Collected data
──────────────────────────────
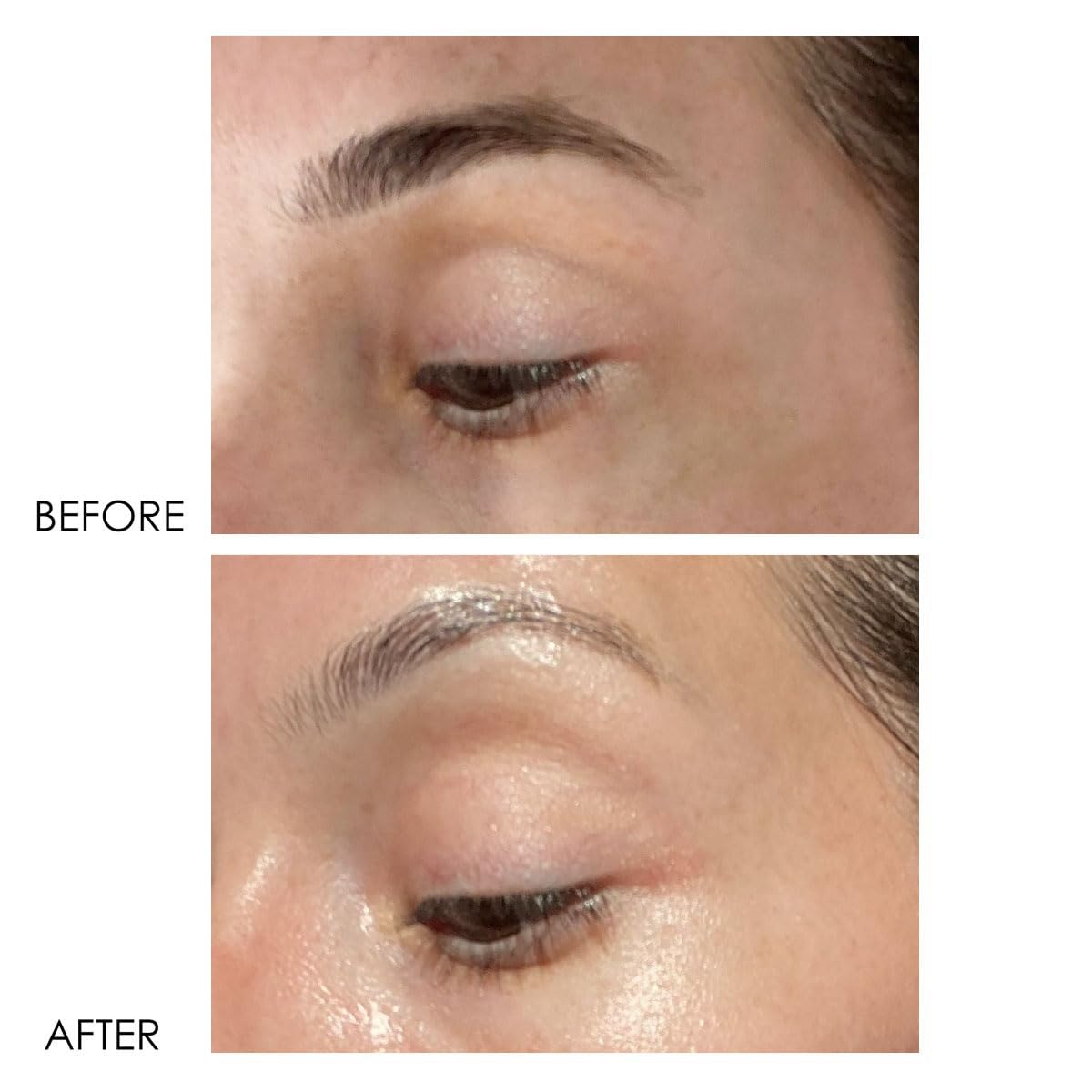 Dermelect Revitalite packaging box, premium eye care packaging
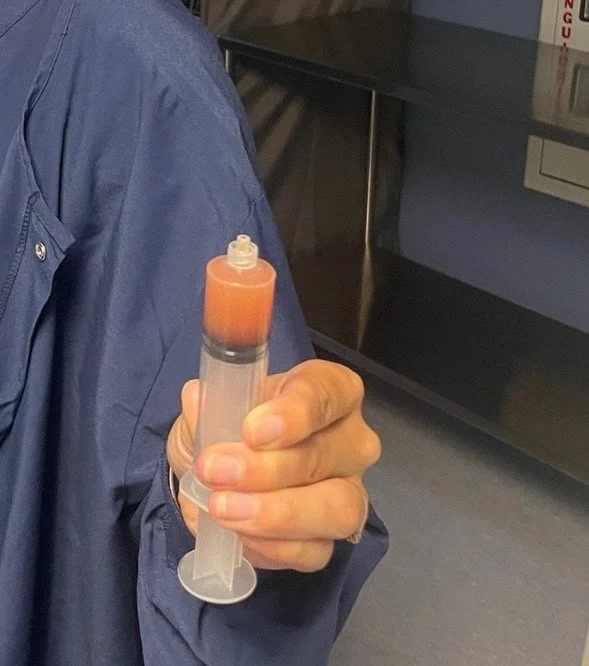 PRP 3 - Revolutionary Foot + Ankle Specialists.jpeg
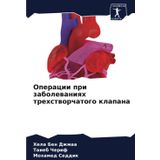 Operacii pri zabolewaniqh trehstworchatogo klapana: DE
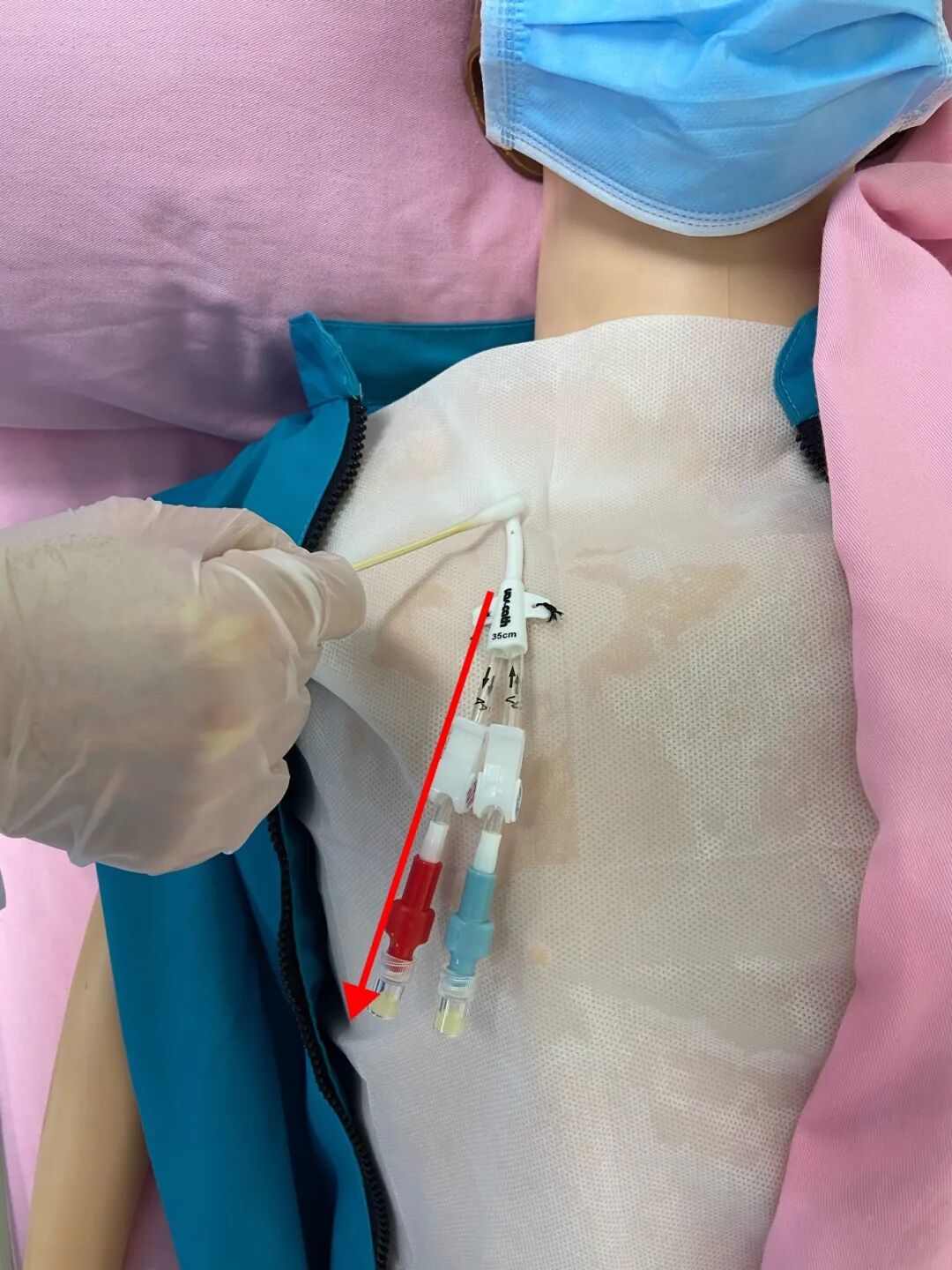 无菌纱块怎么使用一文让你学会透析导管自我换药_https://www.jmylbn.com_新闻资讯_第72张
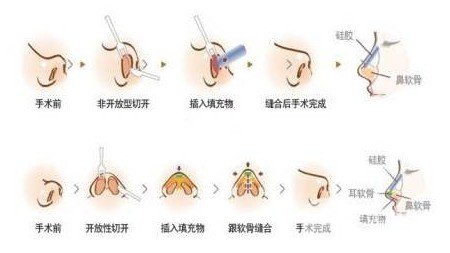 蒜头鼻整形风险大吗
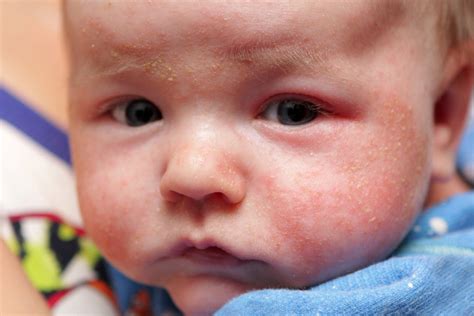 Skin Rashes In Babies Nhs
──────────────────────────────
● Instructions for the task
For this exercise, return the data above exactly and leave every picture out.

● Response box
 Dermelect Revitalite packaging box, premium eye care packaging
 PRP 3 - Revolutionary Foot + Ankle Specialists.jpeg
 Operacii pri zabolewaniqh trehstworchatogo klapana: DE
 无菌纱块怎么使用一文让你学会透析导管自我换药_https://www.jmylbn.com_新闻资讯_第72张
 蒜头鼻整形风险大吗
 Skin Rashes In Babies Nhs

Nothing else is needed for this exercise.